[[ THE DATA open ]]
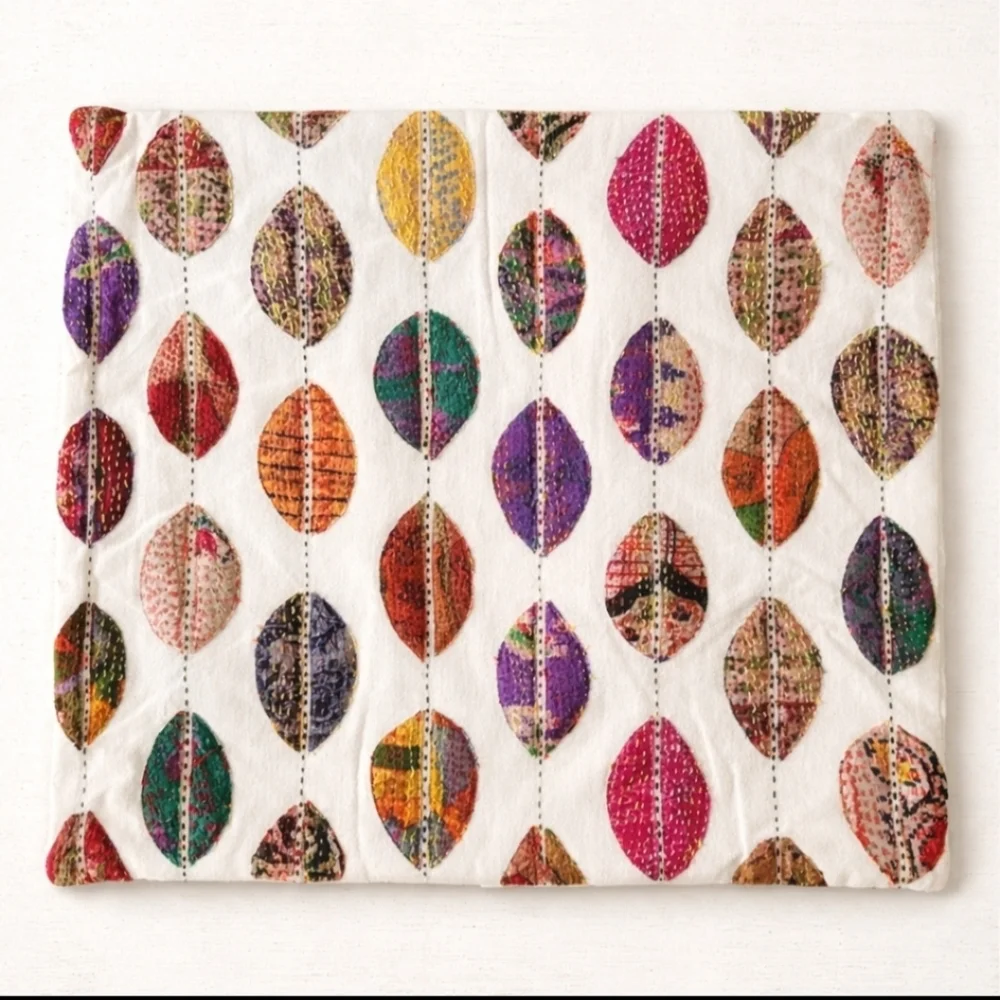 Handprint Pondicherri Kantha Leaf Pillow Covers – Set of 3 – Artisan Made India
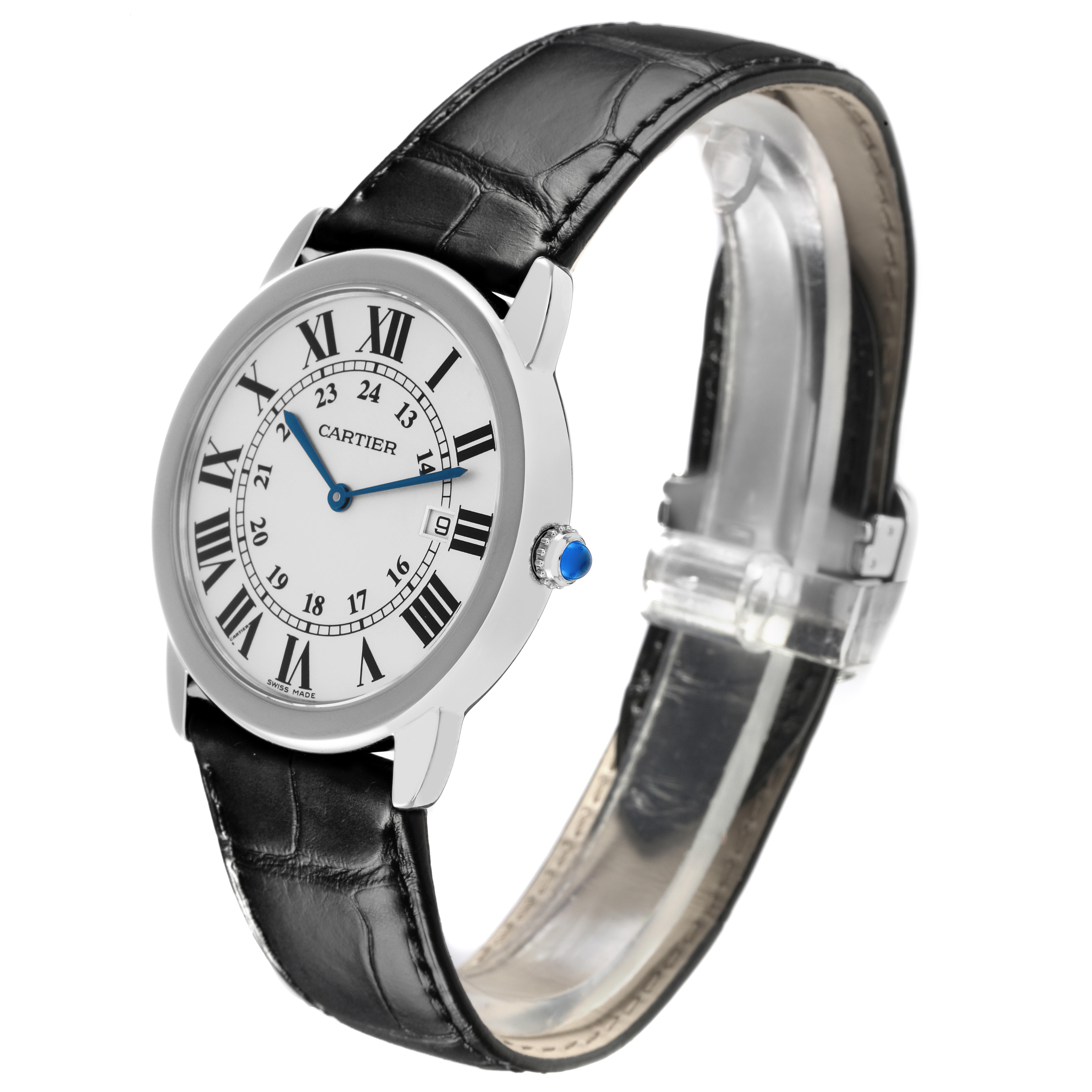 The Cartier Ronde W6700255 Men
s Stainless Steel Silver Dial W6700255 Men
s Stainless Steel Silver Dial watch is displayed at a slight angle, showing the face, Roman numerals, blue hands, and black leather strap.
[[ THE DATA closed ]]
▶ **WORK TO BE COMPLETED**: Write out word for word only the lines from the one with "s Stainless Steel Silver Dial W6700255 Men" to the end of the material, both ends included.

▶ **EXERCISE OUTPUT**:
s Stainless Steel Silver Dial W6700255 Men
s Stainless Steel Silver Dial watch is displayed at a slight angle, showing the face, Roman numerals, blue hands, and black leather strap.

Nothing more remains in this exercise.